The first time I "solved" this be destroying the DBs and starting from scratch as I was still setting things up anyway.

Now on the second time my DB looked like this:

sqlite> select max(stream_ordering) from events;                                                                                                                                                                                                                                                                               
82774
sqlite> select * from appservice_stream_position;
X|6481

I was able to fix it by setting the stream_ordering column in appservice_stream_position to max(stream_ordering) from events like @ara4n said even though I was not missing the row.

sqlite> update appservice_stream_position set stream_ordering=82774;

@ara4n
Copy link
Member Author

ara4n commented Apr 19, 2017

@kegsay any idea?

@Spydar007
Copy link

I also had this issue, but correcting the values fixed it.

@kegsay
Copy link
Member

kegsay commented Jul 14, 2017

@ara4n no - I didn't do any of the stream position stuff when I did the original Synapse AS API implementation. You'd need to ask @erikjohnston.

@Sorunome
Copy link
Contributor

I had the same issue, fixed it via this.

Then I joined a room (#riot:matrix.org) noone on the synapse server was in yet, and it got off-sync again and i had to re-apply the fix. Perhaps this'll help to hunt down the bug

@turt2live
Copy link
Member

This is still very much an issue. There's absolutely no information in the appservice worker's log, as it seems to successfully send a transaction to an appservice, then it stops trying ever again. It does still receive rdata caches/events, and the following appears between rdata updates, but eventually it also stops receiving rdata:

appservice - 2017-10-11 02:55:54,347 - synapse.storage.TIME - 219 - INFO - - Total database time: 0.000% {set_appservice_last_pos(0): 0.000%, get_users_in_room(0): 0.000%, get_user_by_id(0): 0.000%} {}

A restart of the appservice worker did not help too much (it started receiving rdata again, but not sending transactions to appservices). I had to do the update query manually and restart the entire synapse instance.

Are there particular flags/logging I can leave on to try and debug this if it happens again? (this is the 3rd time in ~5 months it has happened).

@turt2live
Copy link
Member

This happened once again for me (t2bot.io), and I don't see anything useful in the logs.
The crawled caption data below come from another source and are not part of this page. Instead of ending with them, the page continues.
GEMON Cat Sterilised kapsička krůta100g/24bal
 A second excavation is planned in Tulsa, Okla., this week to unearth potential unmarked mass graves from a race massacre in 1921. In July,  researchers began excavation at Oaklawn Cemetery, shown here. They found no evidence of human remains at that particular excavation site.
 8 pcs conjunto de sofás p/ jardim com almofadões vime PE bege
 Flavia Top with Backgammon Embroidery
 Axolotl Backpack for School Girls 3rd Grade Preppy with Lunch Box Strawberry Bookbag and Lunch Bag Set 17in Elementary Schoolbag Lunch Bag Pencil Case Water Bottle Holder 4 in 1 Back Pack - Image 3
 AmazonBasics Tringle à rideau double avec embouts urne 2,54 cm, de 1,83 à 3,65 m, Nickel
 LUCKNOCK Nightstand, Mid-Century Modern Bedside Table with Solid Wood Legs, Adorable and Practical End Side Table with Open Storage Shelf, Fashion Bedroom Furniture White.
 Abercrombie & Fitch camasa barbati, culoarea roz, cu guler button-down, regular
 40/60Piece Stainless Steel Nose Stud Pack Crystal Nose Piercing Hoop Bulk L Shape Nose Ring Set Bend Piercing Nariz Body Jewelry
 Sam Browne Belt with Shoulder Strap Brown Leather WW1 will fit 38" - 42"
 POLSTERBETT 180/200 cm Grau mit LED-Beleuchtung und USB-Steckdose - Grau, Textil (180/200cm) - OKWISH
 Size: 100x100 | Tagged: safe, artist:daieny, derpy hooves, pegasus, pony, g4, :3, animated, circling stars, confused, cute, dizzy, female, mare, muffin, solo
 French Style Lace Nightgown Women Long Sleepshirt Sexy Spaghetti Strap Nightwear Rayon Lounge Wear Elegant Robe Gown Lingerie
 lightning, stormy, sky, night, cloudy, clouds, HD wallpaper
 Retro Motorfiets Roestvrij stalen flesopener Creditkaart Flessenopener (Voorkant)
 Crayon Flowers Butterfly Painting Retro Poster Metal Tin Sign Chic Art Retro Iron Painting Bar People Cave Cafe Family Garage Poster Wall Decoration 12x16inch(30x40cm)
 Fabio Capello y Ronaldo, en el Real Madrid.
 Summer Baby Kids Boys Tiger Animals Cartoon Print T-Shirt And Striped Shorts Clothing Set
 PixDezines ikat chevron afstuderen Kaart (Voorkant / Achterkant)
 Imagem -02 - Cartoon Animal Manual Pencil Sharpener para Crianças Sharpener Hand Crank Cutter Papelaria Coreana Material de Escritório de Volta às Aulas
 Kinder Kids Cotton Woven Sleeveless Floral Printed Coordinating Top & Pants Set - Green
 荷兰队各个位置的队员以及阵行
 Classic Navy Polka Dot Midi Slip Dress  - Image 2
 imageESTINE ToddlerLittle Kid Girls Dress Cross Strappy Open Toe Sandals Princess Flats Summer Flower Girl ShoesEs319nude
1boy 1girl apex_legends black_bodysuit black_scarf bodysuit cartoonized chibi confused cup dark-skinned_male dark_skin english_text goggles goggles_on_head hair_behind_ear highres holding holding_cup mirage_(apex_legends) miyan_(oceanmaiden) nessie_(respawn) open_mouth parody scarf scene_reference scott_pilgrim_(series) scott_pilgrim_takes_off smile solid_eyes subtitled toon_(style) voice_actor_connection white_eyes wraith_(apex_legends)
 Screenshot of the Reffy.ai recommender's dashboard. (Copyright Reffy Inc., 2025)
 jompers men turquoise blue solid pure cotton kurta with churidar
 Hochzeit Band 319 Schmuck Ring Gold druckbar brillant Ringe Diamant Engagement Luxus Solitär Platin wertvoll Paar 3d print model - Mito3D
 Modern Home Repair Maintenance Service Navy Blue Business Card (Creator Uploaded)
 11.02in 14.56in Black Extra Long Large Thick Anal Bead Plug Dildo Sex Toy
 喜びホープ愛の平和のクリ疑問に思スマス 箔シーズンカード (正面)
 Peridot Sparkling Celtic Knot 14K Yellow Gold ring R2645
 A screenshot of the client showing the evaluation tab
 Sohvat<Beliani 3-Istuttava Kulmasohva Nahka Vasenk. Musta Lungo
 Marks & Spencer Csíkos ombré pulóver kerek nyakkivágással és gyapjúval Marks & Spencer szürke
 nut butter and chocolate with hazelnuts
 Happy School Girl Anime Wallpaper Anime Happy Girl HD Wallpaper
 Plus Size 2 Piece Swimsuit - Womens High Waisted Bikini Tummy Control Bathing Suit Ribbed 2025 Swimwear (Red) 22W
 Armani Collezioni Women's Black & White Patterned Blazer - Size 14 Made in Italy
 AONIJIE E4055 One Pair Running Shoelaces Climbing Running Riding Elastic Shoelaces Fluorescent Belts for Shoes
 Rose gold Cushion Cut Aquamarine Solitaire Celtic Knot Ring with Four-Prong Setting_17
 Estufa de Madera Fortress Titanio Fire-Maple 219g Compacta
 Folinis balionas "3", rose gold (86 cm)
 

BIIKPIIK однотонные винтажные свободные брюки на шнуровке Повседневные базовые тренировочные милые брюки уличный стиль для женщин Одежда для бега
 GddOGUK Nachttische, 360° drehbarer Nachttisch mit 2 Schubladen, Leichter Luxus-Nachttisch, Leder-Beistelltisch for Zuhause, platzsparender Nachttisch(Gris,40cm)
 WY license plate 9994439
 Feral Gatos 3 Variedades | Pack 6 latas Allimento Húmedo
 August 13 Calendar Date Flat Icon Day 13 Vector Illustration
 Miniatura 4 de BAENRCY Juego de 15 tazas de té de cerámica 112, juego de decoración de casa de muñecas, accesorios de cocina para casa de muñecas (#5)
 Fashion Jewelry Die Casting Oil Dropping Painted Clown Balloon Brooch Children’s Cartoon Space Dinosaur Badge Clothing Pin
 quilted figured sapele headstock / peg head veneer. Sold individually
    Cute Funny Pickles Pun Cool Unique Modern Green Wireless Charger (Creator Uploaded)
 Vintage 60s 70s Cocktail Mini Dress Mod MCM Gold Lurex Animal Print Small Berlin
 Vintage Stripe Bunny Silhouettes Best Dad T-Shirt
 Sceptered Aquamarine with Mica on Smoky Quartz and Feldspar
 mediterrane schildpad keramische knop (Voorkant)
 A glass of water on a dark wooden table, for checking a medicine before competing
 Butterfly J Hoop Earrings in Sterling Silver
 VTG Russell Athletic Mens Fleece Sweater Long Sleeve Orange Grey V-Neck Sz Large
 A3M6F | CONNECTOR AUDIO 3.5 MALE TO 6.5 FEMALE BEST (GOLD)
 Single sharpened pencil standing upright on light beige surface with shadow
I have exported them for viewing if desired though (they have tokens and such, so I'd rather not post them publicly).

@turt2live
Copy link
Member

and again :(

synapse=# select max(stream_ordering) from events;
   max
----------
 65145242
(1 row)

synapse=# select * from appservice_stream_position;
 lock | stream_ordering
------+-----------------
 X    |        65097572
(1 row)

Logs are also available for this event.

@turt2live
Copy link
Member

This is becoming a trend where every couple months I'm having to meddle with the database. This has once again happened.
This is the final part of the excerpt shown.